Only the lines from the one containing "this 900×599 image." through the end of the data are wanted, reproduced exactly and without pictures.

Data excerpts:
*** Begin section ***

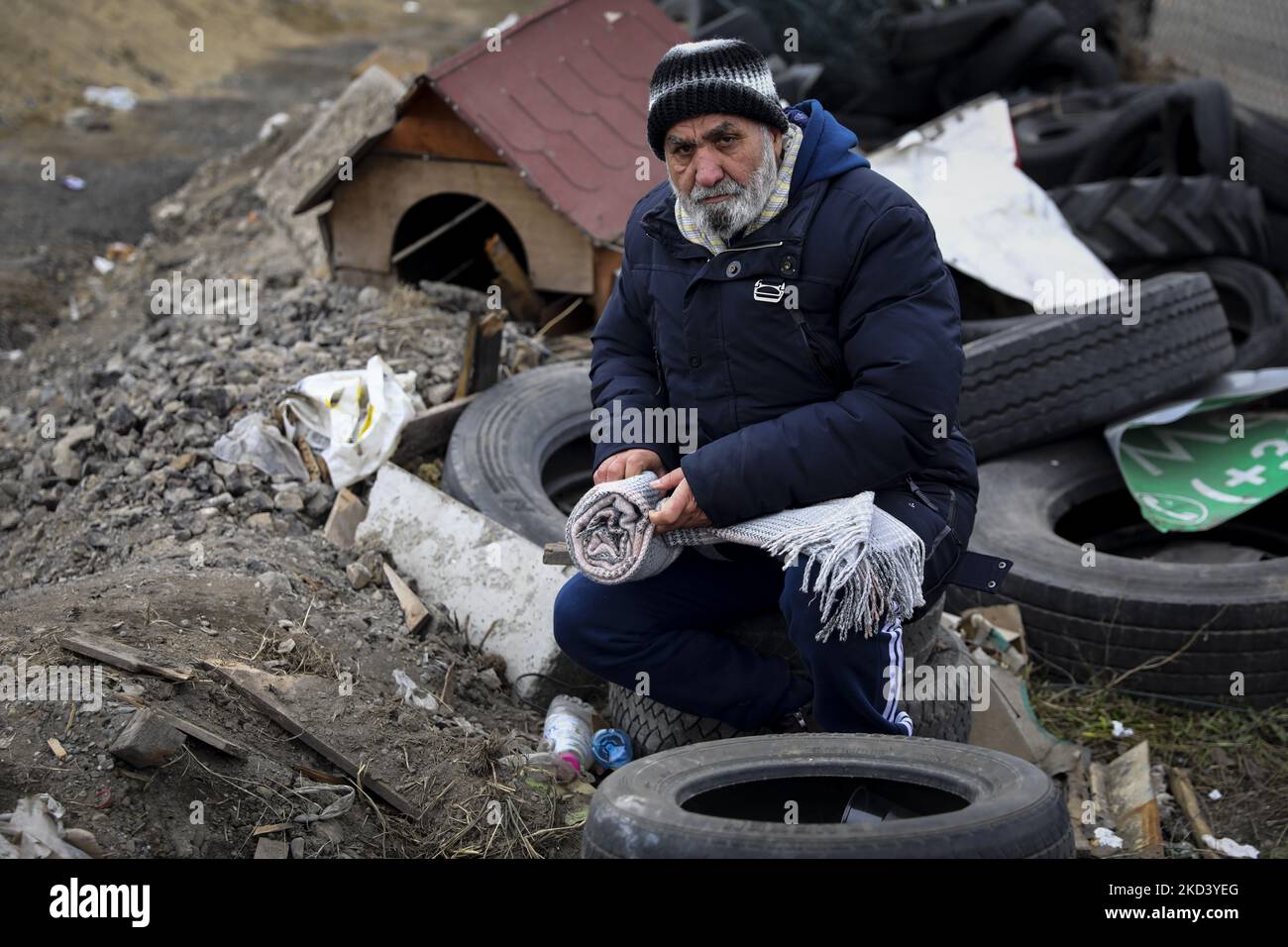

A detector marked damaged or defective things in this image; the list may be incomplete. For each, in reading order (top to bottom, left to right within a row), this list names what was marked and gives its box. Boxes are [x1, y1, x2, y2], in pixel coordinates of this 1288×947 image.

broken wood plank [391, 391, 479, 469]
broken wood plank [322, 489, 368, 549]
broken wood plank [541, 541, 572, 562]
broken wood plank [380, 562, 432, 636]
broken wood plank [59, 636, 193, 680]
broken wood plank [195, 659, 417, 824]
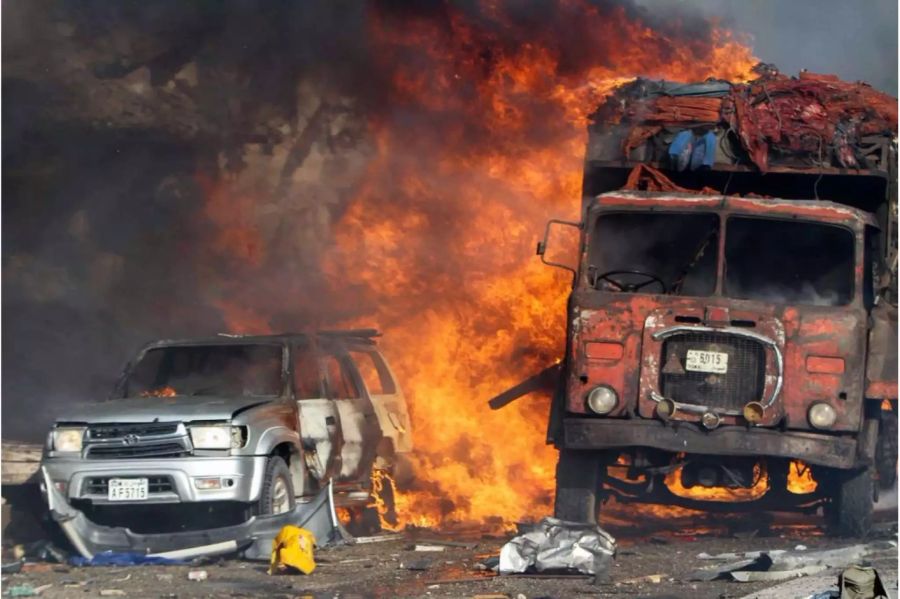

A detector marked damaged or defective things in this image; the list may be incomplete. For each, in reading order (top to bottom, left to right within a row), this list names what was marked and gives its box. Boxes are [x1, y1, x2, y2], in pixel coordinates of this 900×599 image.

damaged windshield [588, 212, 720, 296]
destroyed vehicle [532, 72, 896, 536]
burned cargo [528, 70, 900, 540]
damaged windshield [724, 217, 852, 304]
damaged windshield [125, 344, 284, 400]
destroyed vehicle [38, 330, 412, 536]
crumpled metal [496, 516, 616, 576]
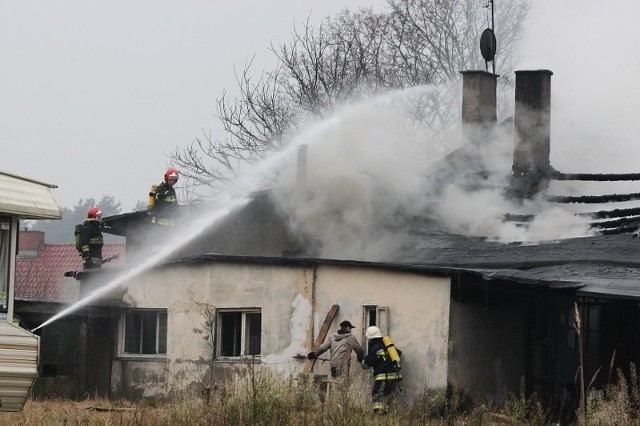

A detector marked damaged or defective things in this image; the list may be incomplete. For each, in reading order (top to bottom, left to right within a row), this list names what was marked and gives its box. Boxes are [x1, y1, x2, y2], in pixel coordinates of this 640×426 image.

*** End section ***

# COMPLETED TASK
A detector marked damaged or defective things in this image; the list may be incomplete. For each, in reading order (top to bottom, left to right within a row), this list names what was marked and gives its box. Boxes are [x1, y1, x2, y2], in pixel coordinates of this 900×599 image.

damaged windshield [588, 212, 720, 296]
destroyed vehicle [532, 72, 896, 536]
burned cargo [528, 70, 900, 540]
damaged windshield [724, 217, 852, 304]
damaged windshield [125, 344, 284, 400]
destroyed vehicle [38, 330, 412, 536]
crumpled metal [496, 516, 616, 576]

A detector marked damaged or defective things in this image; the list may be incomplete. For each, in reading order (top to bottom, left to right within a row), this list names what was marked and gives its box. Boxes are [x1, y1, x2, y2], in pixel coordinates of this 640×426 image.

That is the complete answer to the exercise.